Viver tem seus mistérios. A cada dia nos deparamos com perdas e é preciso superá-las para seguir em frente. A história da escritora Luciene Freitas nos impulsiona a enxergar como podemos dominar os traumas do passado. “Nos meus romances sempre têm algo sobre mim, através do perfil ou algum personagem que vai botando os meus demônios para fora e o sofrimento que passei. Eu amadureci muito cedo, bem pequena eu já sabia quem dava e quem não dava, como diz o poema: “Eu quando olho nos olhos, sei quem está por dentro e quem está por fora. Quem está por fora não segura um olhar que demora”. Aprendi na dureza”, recorda.

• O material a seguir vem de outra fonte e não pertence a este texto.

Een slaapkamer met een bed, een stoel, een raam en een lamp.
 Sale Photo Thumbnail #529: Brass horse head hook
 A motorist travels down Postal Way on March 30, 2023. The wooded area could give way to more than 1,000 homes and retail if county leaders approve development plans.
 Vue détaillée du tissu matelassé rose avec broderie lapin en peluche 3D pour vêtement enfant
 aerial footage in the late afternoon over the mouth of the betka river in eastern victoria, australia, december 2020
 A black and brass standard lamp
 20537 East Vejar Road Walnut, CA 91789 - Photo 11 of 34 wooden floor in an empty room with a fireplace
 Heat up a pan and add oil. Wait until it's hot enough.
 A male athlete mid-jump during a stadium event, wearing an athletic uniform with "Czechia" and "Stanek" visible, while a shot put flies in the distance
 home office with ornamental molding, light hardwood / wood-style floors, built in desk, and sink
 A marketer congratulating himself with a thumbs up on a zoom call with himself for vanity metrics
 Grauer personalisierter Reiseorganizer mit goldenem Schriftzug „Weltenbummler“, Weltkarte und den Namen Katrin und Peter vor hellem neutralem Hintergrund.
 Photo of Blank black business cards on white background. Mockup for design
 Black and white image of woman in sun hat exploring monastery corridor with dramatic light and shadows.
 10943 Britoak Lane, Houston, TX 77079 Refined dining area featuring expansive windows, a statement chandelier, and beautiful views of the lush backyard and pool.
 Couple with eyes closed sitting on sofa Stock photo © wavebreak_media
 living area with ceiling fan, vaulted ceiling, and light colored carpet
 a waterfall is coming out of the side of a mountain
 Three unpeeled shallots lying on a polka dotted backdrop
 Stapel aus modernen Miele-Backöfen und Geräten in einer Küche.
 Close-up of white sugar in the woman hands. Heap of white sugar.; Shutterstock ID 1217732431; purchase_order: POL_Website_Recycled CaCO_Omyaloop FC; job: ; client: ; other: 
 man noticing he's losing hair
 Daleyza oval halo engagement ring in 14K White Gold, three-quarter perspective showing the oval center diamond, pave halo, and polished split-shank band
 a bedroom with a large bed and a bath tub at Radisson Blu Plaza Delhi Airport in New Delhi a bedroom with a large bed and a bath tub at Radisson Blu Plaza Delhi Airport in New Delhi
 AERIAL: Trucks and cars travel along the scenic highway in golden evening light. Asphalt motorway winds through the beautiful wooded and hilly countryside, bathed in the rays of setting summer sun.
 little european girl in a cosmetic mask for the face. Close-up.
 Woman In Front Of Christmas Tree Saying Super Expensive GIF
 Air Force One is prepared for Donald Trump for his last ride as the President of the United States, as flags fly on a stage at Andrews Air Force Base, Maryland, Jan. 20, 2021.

Aos 73 anos, Luciene é viúva e tem três filhos, é formada em Letras com pós-graduação em Língua Portuguesa e já publicou 18 livros. “Sou professora aposentada, escrevo, participo de eventos e faço palestras. Tenho dois livros de romance, quatro de contos, três de poesia, quatro de poemas infantis, um de pensamentos, reflexão e uma pesquisa. Integro a Academia Vitoriense de Letras, Artes e Ciência; a Academia de Letras e Artes do Nordeste; e a Academia de Letras do Brasil, a qual fui presidente fundadora”, detalha.
Longe dos pais separados, Luciene passou a infância com os avós maternos no município de Brejo da Madre de Deus durante 12 anos, aos 14 morou com a mãe no Recife, três meses depois se mudaram para Vitória. “Esteio para mim foram os meus avós que me deram o adubo, meu sustentáculo para prosseguir. Quando a minha mãe se separou do meu pai ela não quis mais nenhum contato com ele que era de outro estado. Das duas vezes que eu o vi de longe ela me fez tanto medo que eu me escondia debaixo da cama até ele ir embora. Nessa época eu fui ficando muito calada, apenas vendo as coisas acontecerem sem reagir”, relembra.
De volta ao passado, Luciene conta que já tolerou humilhação de estranhos e familiares. Ela recapitula cenas de perseguição que sofreu de um padre e uma prima. “No interior os padres eram endeusados. Quando eu tinha cinco anos, ainda bem falante, um padre me botou no colo e me deu um cheiro no pescoço, eu empurrei a cabeça dele, ele não gostou, ficou intrigado de mim, me colocou para fora da cruzada, uma associação religiosa que tinha reuniões, brincadeiras e pastoril. Tempos depois descobri que ele era pedófilo. A minha prima mais velha que também era minha madrinha de apresentação implicava comigo e zombava de mim, inclusive ela rasgou as fotografias que tinha do meu pai a mando de minha mãe”, revela.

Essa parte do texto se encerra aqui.